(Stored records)
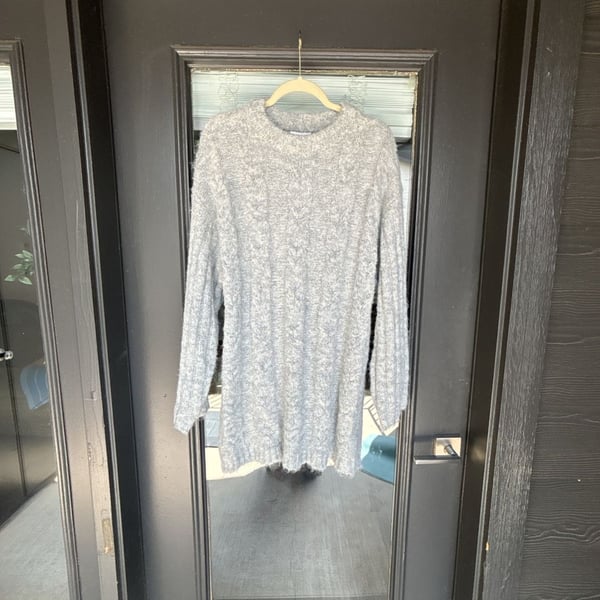 Topshop Cable Knit Long Sleeve Mini Sweater Dress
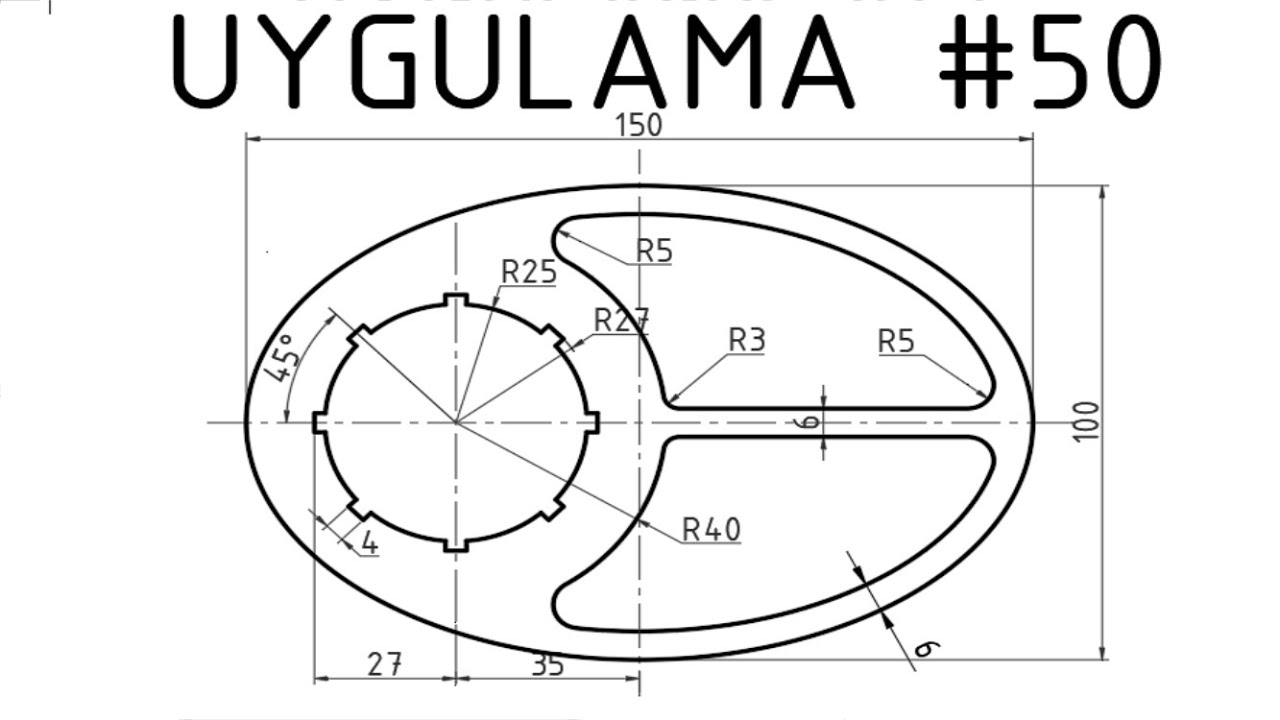 Autocad 2 Boyutlu Çizim  Uygulaması #50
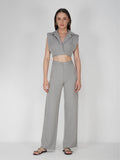Grey Overlap Crop Blazer Set - Lucid Set (Ash)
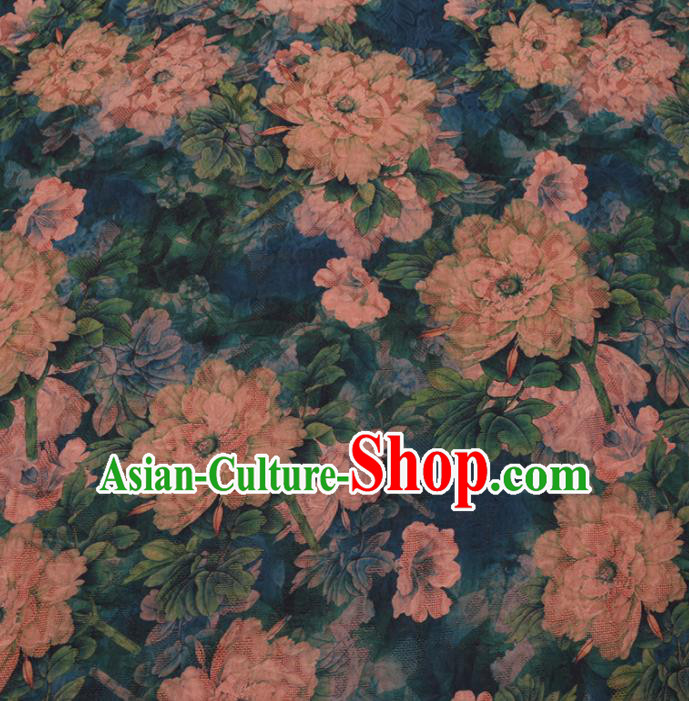 Asian Chinese Classical Peony Pattern Design Blue Watered Gauze Fabric Traditional Silk Material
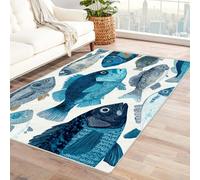 PUSRDEO Fantasy Botanical Digital Print Carpet Fish Soil Resistant Surface For Pet Zone, Feeding Area, Utility Corner, Easy Wipe Layer(Blue)-90x120cm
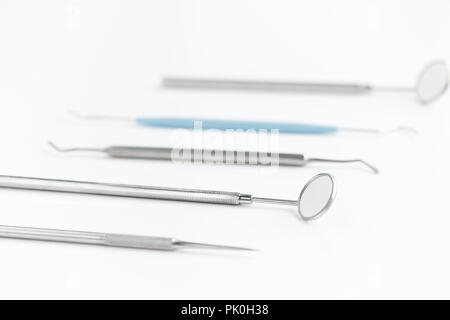 Dental Instruments on White Stock Photo
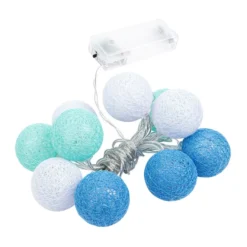 LED-Lichterkette Baumwollkugeln 1, Ø 3,5cm 10 Kugeln in 3 Farben, weiß/mint/hellblau, inkl. Timer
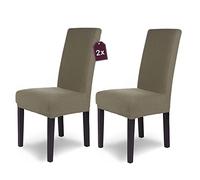 SCHEFFLER-Home Housse de Chaise en Flanelle élastique « Luna » / Lot de 2 / Taupe/Housses de Chaise pour chaises de balançoire/Housse Extensible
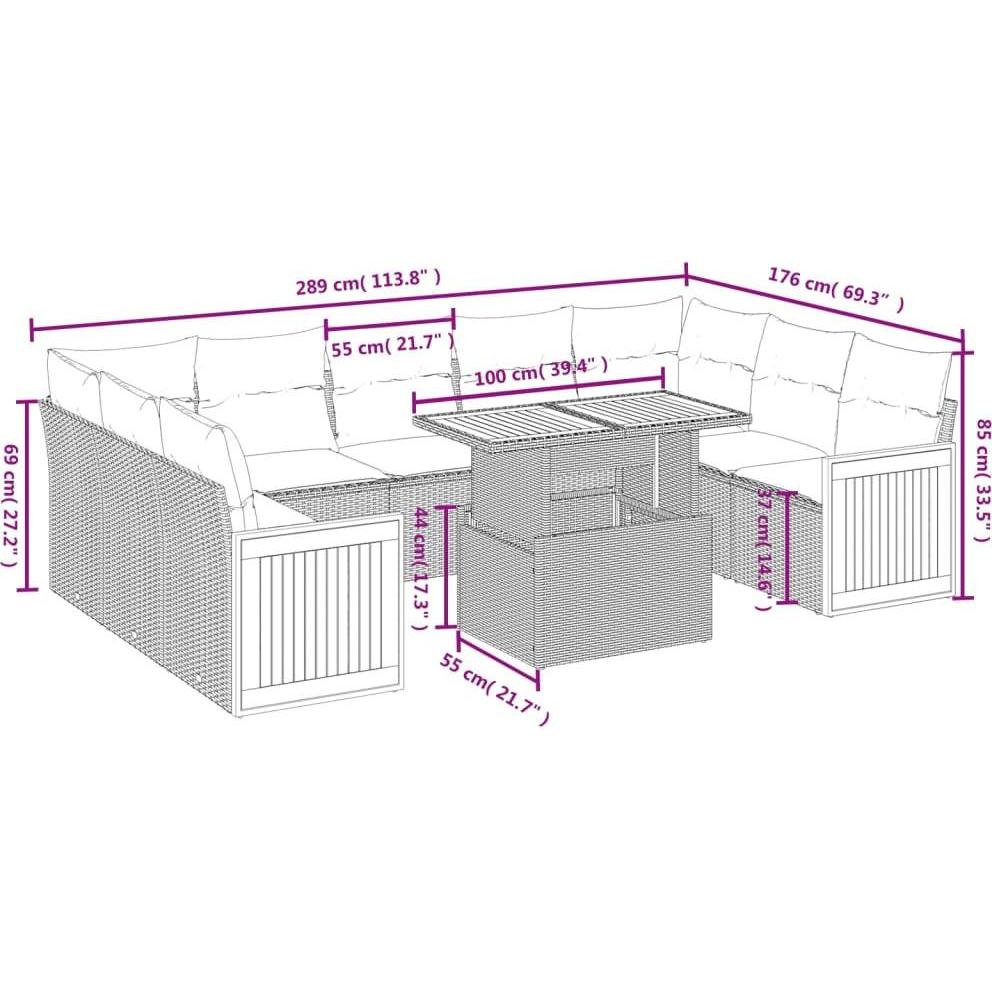 Thumbnail - VidaXL, Gartenlounge, 10-tlg. Garten-Sofagarnitur mit Kissen Grau Poly Rattan Akazie
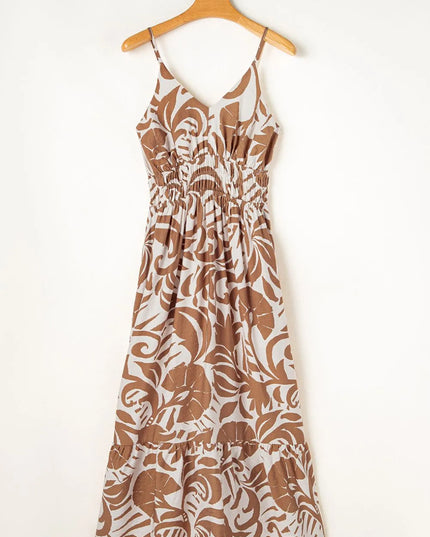 Floral Shirred High Waist Spaghetti Straps Dress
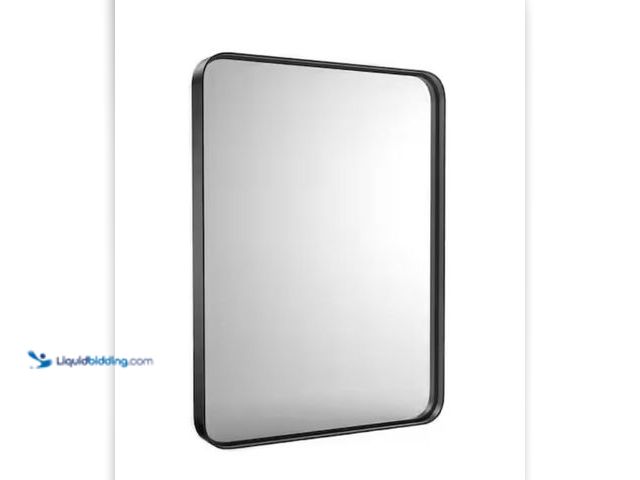 Lot 49-2026294 - FIRNEWST Modern 30 in. W x 22 in. H Rectangle Black Framed Bathroom Vanity Mirror Wall Mirror with R...
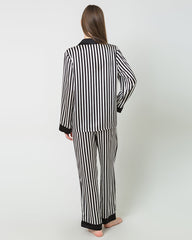 Striped Silk Pajamas Set Sleepwear Black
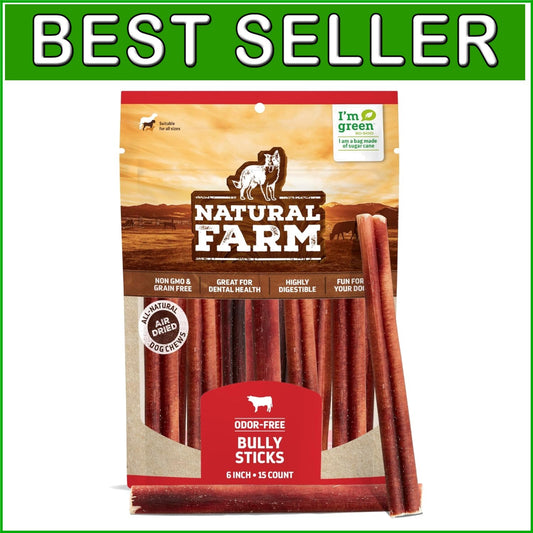 Dental Care 6 Inch Bully Sticks - 5 Count, Fully Digestible Beef Chews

- [The task]:
Output each entry above word for word. The pictures stay out.

- [Your solution]:
 Topshop Cable Knit Long Sleeve Mini Sweater Dress
 Autocad 2 Boyutlu Çizim  Uygulaması #50
Grey Overlap Crop Blazer Set - Lucid Set (Ash)
 Asian Chinese Classical Peony Pattern Design Blue Watered Gauze Fabric Traditional Silk Material
 PUSRDEO Fantasy Botanical Digital Print Carpet Fish Soil Resistant Surface For Pet Zone, Feeding Area, Utility Corner, Easy Wipe Layer(Blue)-90x120cm
 Dental Instruments on White Stock Photo
 LED-Lichterkette Baumwollkugeln 1, Ø 3,5cm 10 Kugeln in 3 Farben, weiß/mint/hellblau, inkl. Timer
 SCHEFFLER-Home Housse de Chaise en Flanelle élastique « Luna » / Lot de 2 / Taupe/Housses de Chaise pour chaises de balançoire/Housse Extensible
 Thumbnail - VidaXL, Gartenlounge, 10-tlg. Garten-Sofagarnitur mit Kissen Grau Poly Rattan Akazie
 Floral Shirred High Waist Spaghetti Straps Dress
 Lot 49-2026294 - FIRNEWST Modern 30 in. W x 22 in. H Rectangle Black Framed Bathroom Vanity Mirror Wall Mirror with R...
 Striped Silk Pajamas Set Sleepwear Black
 Dental Care 6 Inch Bully Sticks - 5 Count, Fully Digestible Beef Chews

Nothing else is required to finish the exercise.